The Kernel Column with Jon Masters – Developing Linux Kernel 3.5
Jon Masters summarizes the latest goings on in the Linux kernel community, including the release of the 3.5 kernel, and an unfortunately embarassing incident for Microsoft’s virtualization team.
Linus Torvalds announced the latest 3.5 Linux kernel following a quiet
Release Candidate (RC) 7 that had only trivial fixes and some MIPS
architecture cleanups (which Linus called out as demonstrating a “horrible
track record” of late breaking code churn). The 3.5 kernel includes new
support for Android-style “wake locks”, userspace probes (“Uprobes”), a
new system call level security filter (“seccomp” – “secure computing”),
metadata checksum support on ext4 filesystems similar to btrfs, and
support for Dan Magenheimer’s “frontswap”. Of the new features, the first
and last are particularly contentious, having taken many attempts to merge.
Frontswap allows Linux virtual machines to leverage the availability of
“transient” or “transcendent” memory – excess memory within a hypervisor that
is not directly addressable by guest Operating Systems (such as Linux) and
might disappear in the future, but is still faster than disk storage – to
store additional copies of data that will (also) be written to slow disks.
This allows a virtual machine to avoid many expensive reads from (virtual)
backing storage in the common case that the transcendent memory is not pulled
from under the virtual machine due to a more pressing need by the hypervisor.
The new Android-style “wake locks” are a means by which userspace applications
can signal that they need the system to stay awake. The kernel can then (on
certain systems) adopt a default aggressive global suspend policy in which the
system will try to sleep as much as possible, as is the case today in the
existing “suspend blockers” used by the Android kernel (an ongoing fork of the
official Linux kernel). Android’s “suspend blockers” weren’t loved or adopted
by Linux, but the adoption of something similar brings Linux and Android one
step closer to unification, something almost everyone thinks is a good idea.

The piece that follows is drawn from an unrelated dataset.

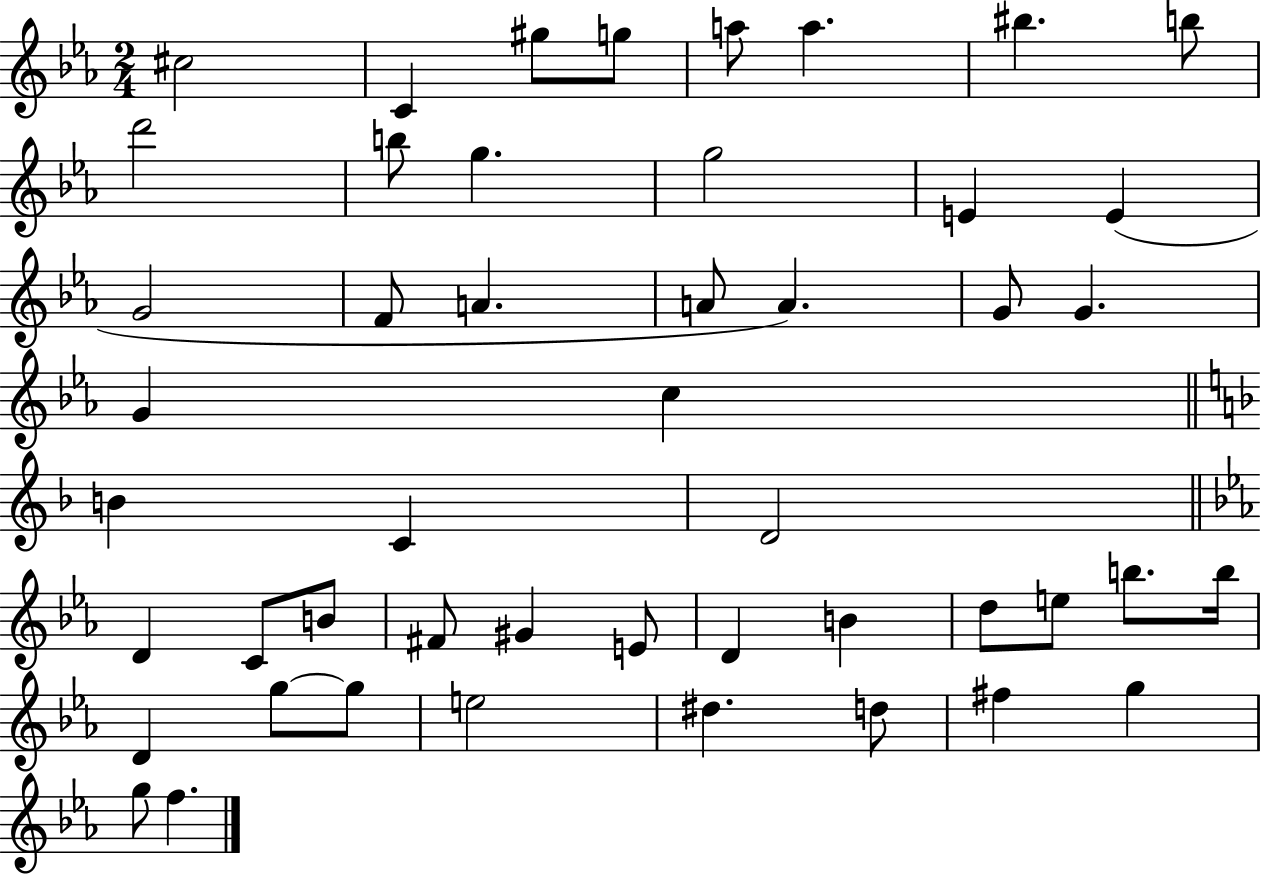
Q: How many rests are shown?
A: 0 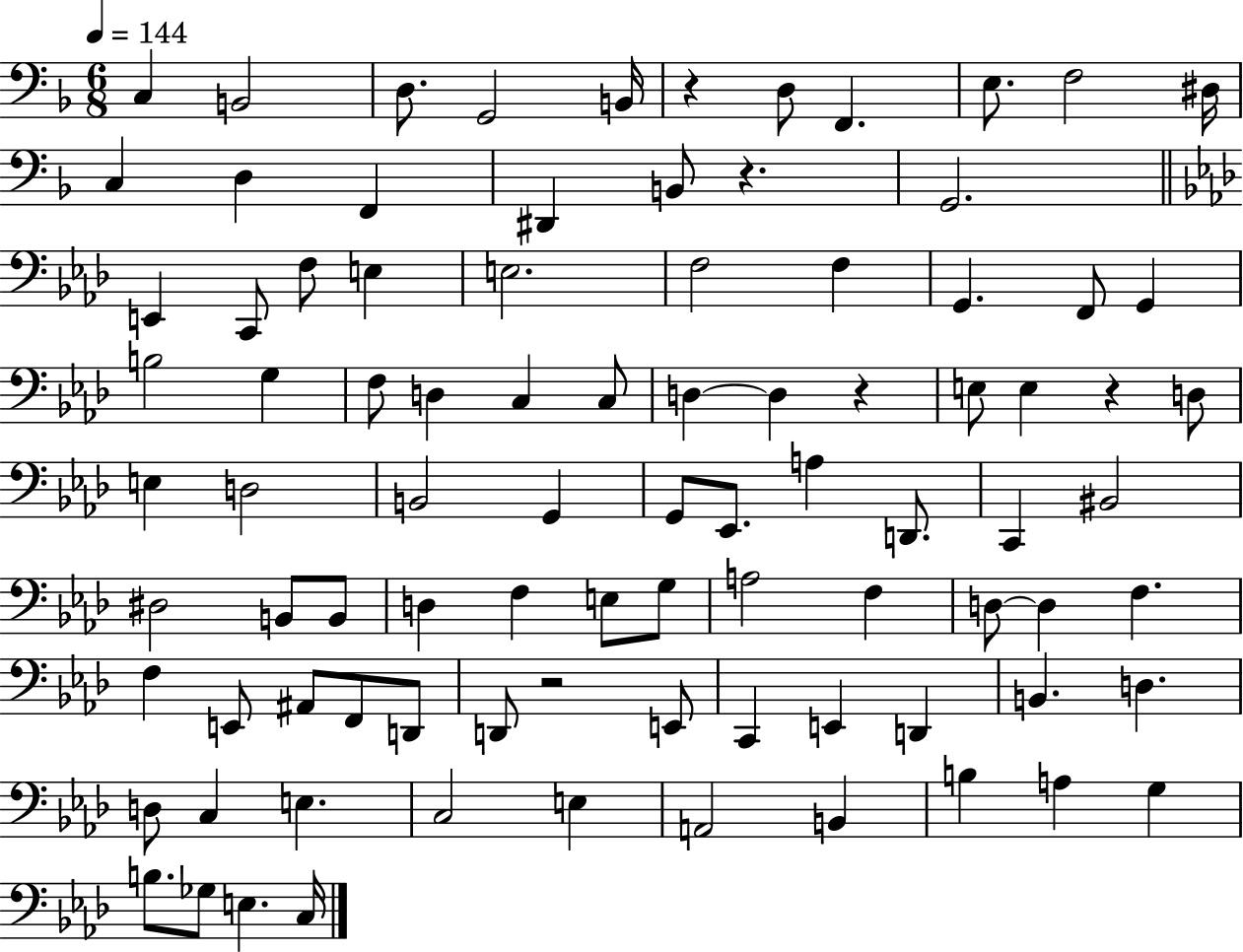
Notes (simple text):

C3/q B2/h D3/e. G2/h B2/s R/q D3/e F2/q. E3/e. F3/h D#3/s C3/q D3/q F2/q D#2/q B2/e R/q. G2/h. E2/q C2/e F3/e E3/q E3/h. F3/h F3/q G2/q. F2/e G2/q B3/h G3/q F3/e D3/q C3/q C3/e D3/q D3/q R/q E3/e E3/q R/q D3/e E3/q D3/h B2/h G2/q G2/e Eb2/e. A3/q D2/e. C2/q BIS2/h D#3/h B2/e B2/e D3/q F3/q E3/e G3/e A3/h F3/q D3/e D3/q F3/q. F3/q E2/e A#2/e F2/e D2/e D2/e R/h E2/e C2/q E2/q D2/q B2/q. D3/q. D3/e C3/q E3/q. C3/h E3/q A2/h B2/q B3/q A3/q G3/q B3/e. Gb3/e E3/q. C3/s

The feature has some more aggressive options, such as the ability to default
to hibernating a system, but this has only very limited practical use.
Linux 3.5 finally gains support for “Uprobes”, something that has been
languishing for about 5 years without ever quite getting merged. At long
last, it will be possible to insert special “probes” into the memory for
userspace programs at runtime that will trigger whenever the kernel executes
a specific instruction, similar to a dynamic breakpoint. Unlike a breakpoint,
however, uprobes are associated with files and so affect every executable
instance of those files. This allows for some interesting use cases, in
particular around debugging. The perf events subsystem has also been
extended so that one can register for an event to trigger whenever a
particular piece of program code runs, something that could be of interest
both to developers and to system administrators and performance engineers.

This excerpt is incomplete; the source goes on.